▶ [Exercise objective]
A verbatim reproduction of the following listing is required; omit the pictures.

══════

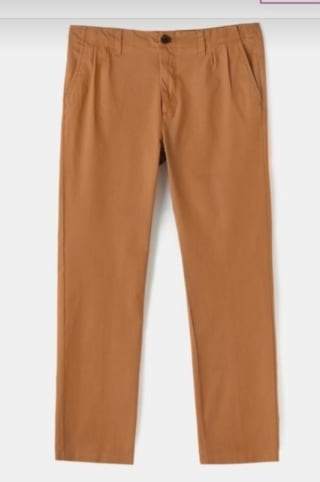 Unit Pantalón chino de hombre por 9€.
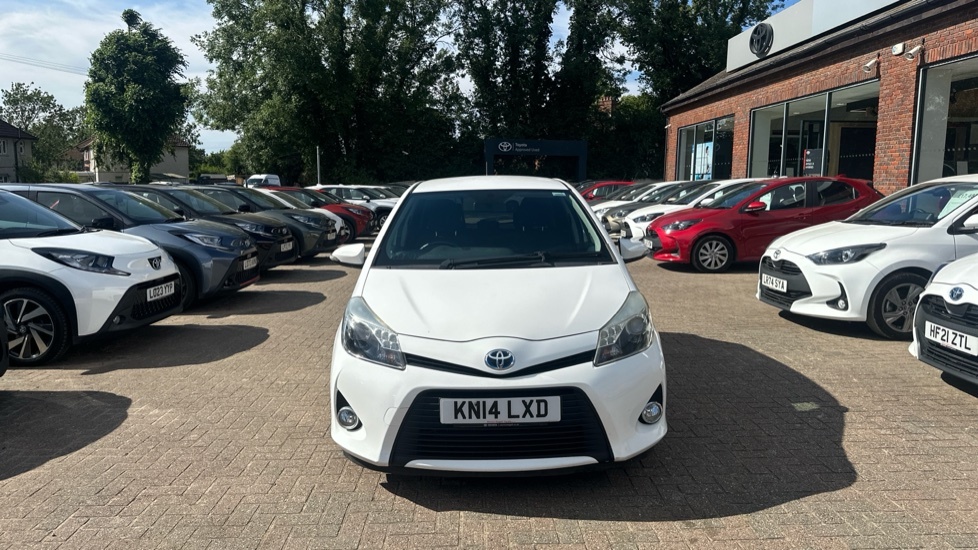Toyota Yaris 1.5 Vvt-h Excel E-cvt Euro 6 15In Alloy Blue #22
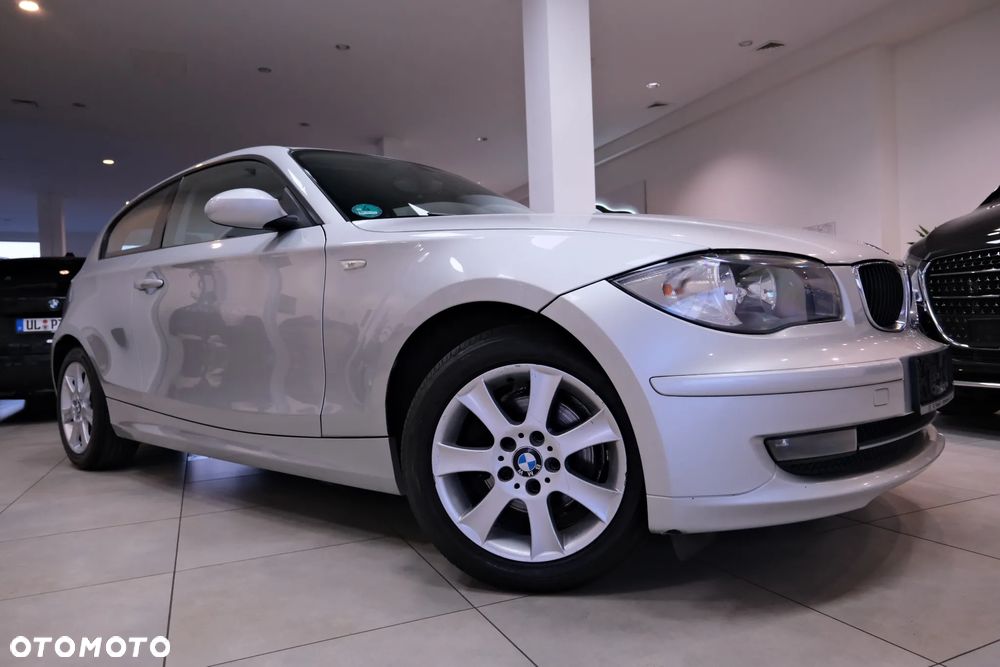 BMW Seria 1 118d DPF - 7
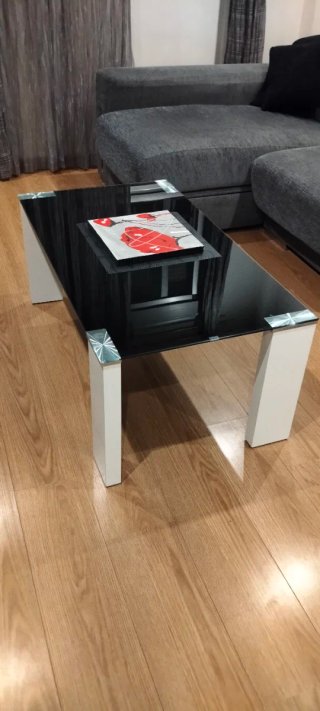 Mesa comedor cristal + 4 sillas y mesa auxiliar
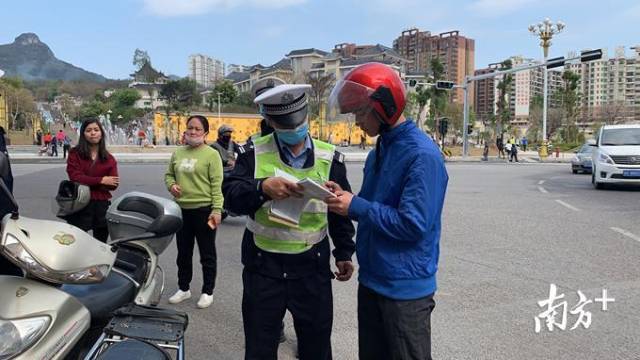 1日，連州交警上路展開專項整治。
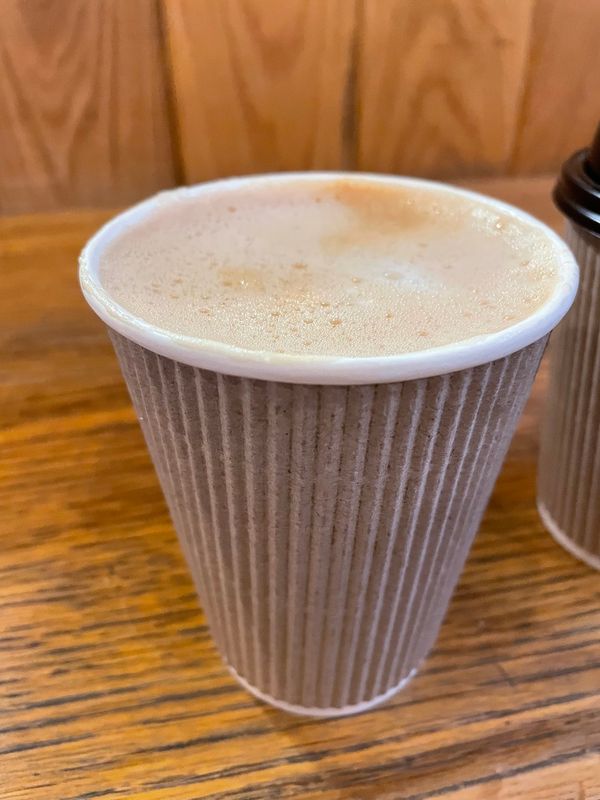 Kaffee in historischer Kirche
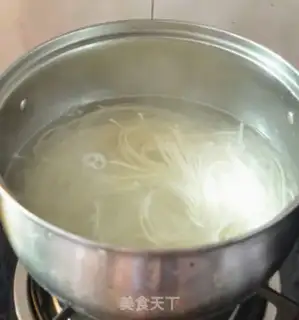 Make Tomato potato sauce noodles step 2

══════

▶ [Task answer]
 Unit Pantalón chino de hombre por 9€.
Toyota Yaris 1.5 Vvt-h Excel E-cvt Euro 6 15In Alloy Blue #22
 BMW Seria 1 118d DPF - 7
 Mesa comedor cristal + 4 sillas y mesa auxiliar
 1日，連州交警上路展開專項整治。
 Kaffee in historischer Kirche
 Make Tomato potato sauce noodles step 2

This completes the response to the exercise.